O outro também é um livro curto mas profundo como o oceano, chama-se Transforma meu pranto em dança. Gosto tanto desse livro que, além de tê-o lido mais de uma vez, já presenteei um sem número de pessoas com ele, que agora, infelizmente, se tornou uma obra rara. É sobre o sofrimento e como podemos superar nossas dificuldades emocionais e espirituais. Li esse livro em 2005, e lembro como se fosse hoje do impacto que me causou o último capítulo, em que Nouwen fala sobre a morte. Eu estava num aeroporto, voltando para casa de uma viagem a trabalho, e ficava pensando: “já pensou se estamos lá no alto e o avião começa a cair; será que terei o mesmo desprendimento e a mesma fé que Nouwen demonstra nesse capítulo?”. Ele diz:

Quando alguém sofre, queremos ficar longe; quando alguém morre, não queremos lidar em cheio com aquela morte. Dizemos: “Ele partiu” ou “Ela nos deixou”. Embora haja a certeza de que cada pessoa vai morrer, continuamos a negar a morte, como se fosse a coisa mais irreal. A maneira como enterramos as pessoas em nossa sociedade, impressiona-me como um modo sofisticado de negar a realidade da morte. Nós tiramo-na de vista. Quando as pessoas que amamos morrem, circundamo-nas com flores e choramos por elas em recintos decorados para tranquilizar-nos. Não vemos mortos com frequência, mas, se vemos, queremos tirar as crianças de perto.

E arremata: “temos de evitar a morte a qualquer preço, mesmo que para isso tenhamos que desvalorizar a singularidade da vida”.

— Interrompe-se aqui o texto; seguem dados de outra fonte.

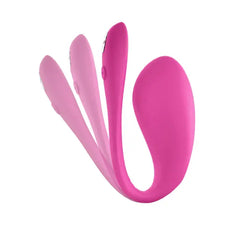 We-Vibe Jive 2 shown in multiple flexible positions highlighting its bendable silicone design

Nouwen morreu em 21 de setembro de 1996, de uma parada cardíaca, enquanto, curiosamente, viajava com uma equipe para a Rússia, a fim de produzirem um documentário sobre o quadro de Rembrandt que o levara a escrever o livro. Que esse artigo te estimule, amigo leitor, a ler as obras de Henri Nouwen, pois suas palavras são absolutamente necessárias nestes tempos de incertezas, nos quais, principalmente, precisamos olhar com urgência para o que realmente importa e reascender em nós o valor da solidariedade e da esperança.